Modeling Relationships

Once you've determined that a relationship exists, you must model it by including attributes from one relation (the primary relation) in the other (the foreign relation), as shown in Figure 3-3.

The choice of primary and foreign relations isn't arbitrary. It is determined first by the cardinality of the relationship and secondin the rare situation where there is any doubtby the semantics of the data model. For example, given two relations that have a one-to-many relationship, the relation on the one side is always the primary relation, while the relation on the many side is always the foreign relation. That is, a candidate key from the relation on the one side is added (as a foreign key) to the relation on the many side. We'll be looking at this issue as we examine each type of relationship in the rest of this chapter.

On Diagramming Relationships You'll notice some differences between Figure 3-3 and the formal E/R diagram shown in Figure 1-6 on page 22. First, the attributes are not shown as separate objects. At this level of design, you're primarily interested in the relationships between entities, not their composition. I find showing the attributes separately to be distracting, and it clutters up the diagram. Second, the relationships are not labeled. Some analysts (and some diagramming tools) add a descriptive label to each relationship. In our example, the label might be something along the lines of "Orders consist of OrderDetails". I find labeling unnecessary, and because the description of the relationship changes depending on which direction you're reading it (teachers teach students, but students learn from teachers), labels can sometimes be confusing. As I said, I've found this style of diagram useful when working with clients, and it's easy to draw by hand or by using a diagramming tool such as Microsoft Visio. But Microsoft Access, Microsoft SQL Server, and Microsoft Visual Studio all provide diagramming tools that have their own conventions, and you may decide to use them in preference to, or in addition to, the technique I've shown. The advantage of using either the Access relationships window (for a Jet database engine ".mdb" file) or database diagrams (for a database implemented using SQL Server) is that the diagrams become part of the database and automatically reflect changes to it. Unfortunately, this is also the greatest disadvantage of these tools. You can't build abstract diagrams; you must build the physical tables. There is always a danger in jumping into anything that even looks like implementation too early in the design process, before the implementation model has been finalized. In my own work, I often use both abstract diagrams and ones that are embedded in the database. I create abstract diagrams in the early stages of the design process, and use one of the Microsoft tools once the conceptual design has been finalized and I'm documenting the physical database schema.

And, of course, you don't just copy any attributes from the primary relation to the foreign relation; you must choose attributes that uniquely identify the primary entity. In other words, you add the attributes that make up the candidate key in the primary relation to the foreign relation. Not surprisingly, the duplicated attributes become known as the foreign key in the foreign relations. In the example shown in Figure 3-3, OrderIDthe candidate key of the Orders relationhas been added to the OrderDetails relation. Orders is the primary relation, and OrderDetails is the foreign relation.

Note that the candidate key/foreign key pair that models the relationship need not be the primary key of the primary table; any candidate key will serve. You should use the candidate key that makes the most sense semantically.

Sometimes you'll want to model not only the fact that a relationship exists, but also certain properties of the relationshipits duration or its commencement date, for example.

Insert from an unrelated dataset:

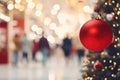 Shopping mall decorated for Christmas time. Crowd of people looking for presents and preparing for the holidays Royalty Free Stock Photo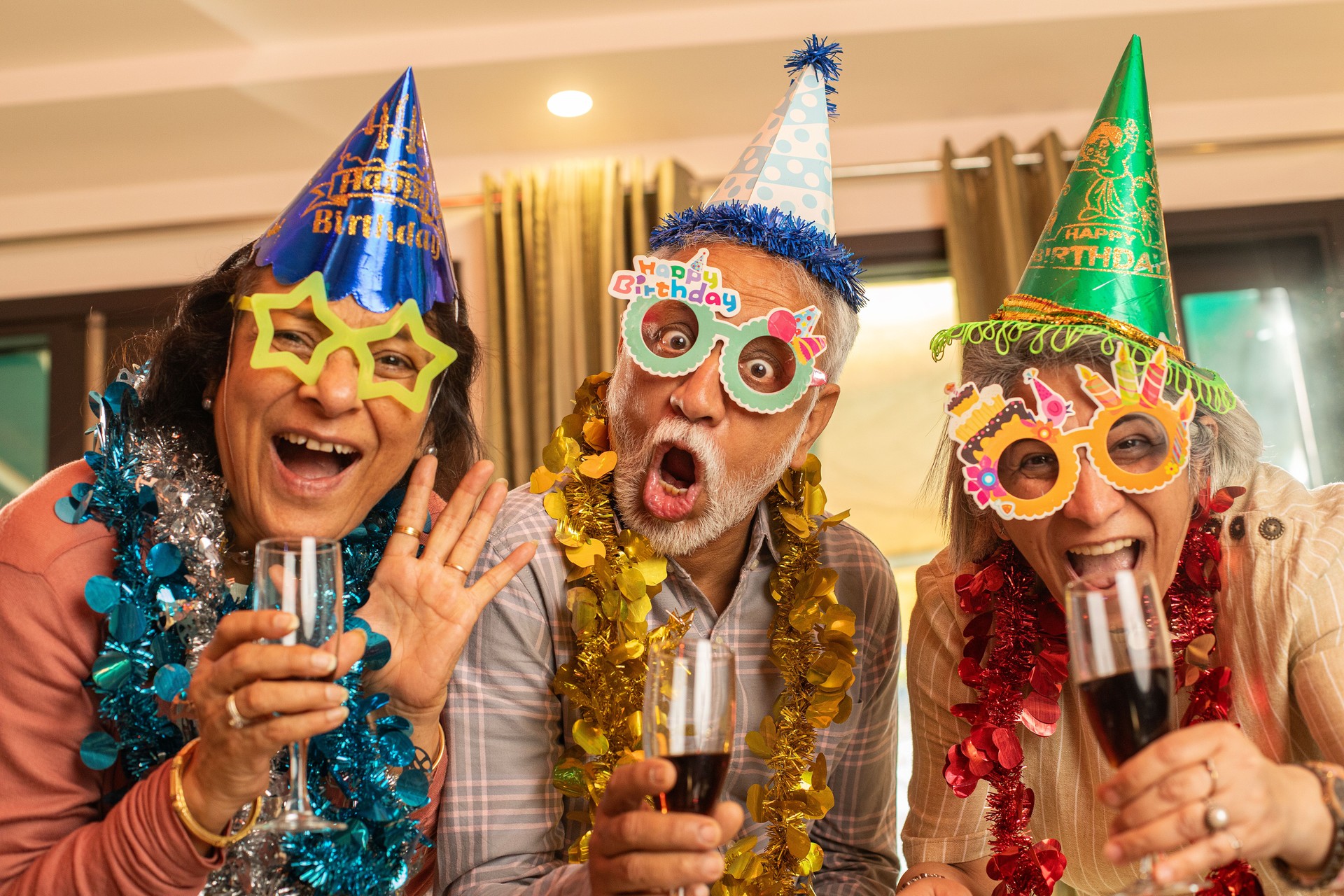 Old friends enjoying drinks at house party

In this case, it's useful to create an abstract relation representing the relationship. The Positions relation, shown in Figure 3-4, is an example of a "relationship relation".

Separate relations representing relationships complicate the data model somewhat, and one might be tempted to simply include the relationship attributes in one of the participating relations. This approach isn't necessarily disastrous, but if there are a lot of attributes or a lot of relations with attributes, it can get unwieldy. More importantly, a distinct relationship entity allows you to track the history of a relationship. The model shown in Figure 3-4, for example, allows you to determine an individual's employment history, which would not have been possible had Position been made an attribute of the Employees relation.

Abstract relationship entities are also useful when you need to track the way a relationship changes over time. Figure 3-5, for example, is a State Transition diagram describing the possible legal changes in an individual's marital status.

State Transition diagrams are not difficult to understand. Each vertical line indicates a valid state, while a horizontal line represents a change from one state to another. For example, an individual can go from "married" to "divorced", and vice versa, but not from "divorced" to "never married".

Now, if all you need to model is an individual's current marital status, you don't need to implement an abstract relationship entity to make sure only valid changes are made. But if you ever need to know that John and Mary Smith were married in 1953 and divorced in 1972, and that Mary remarried in 1975 but was widowed in 1986, then you'll need an abstract relationship entity to track that.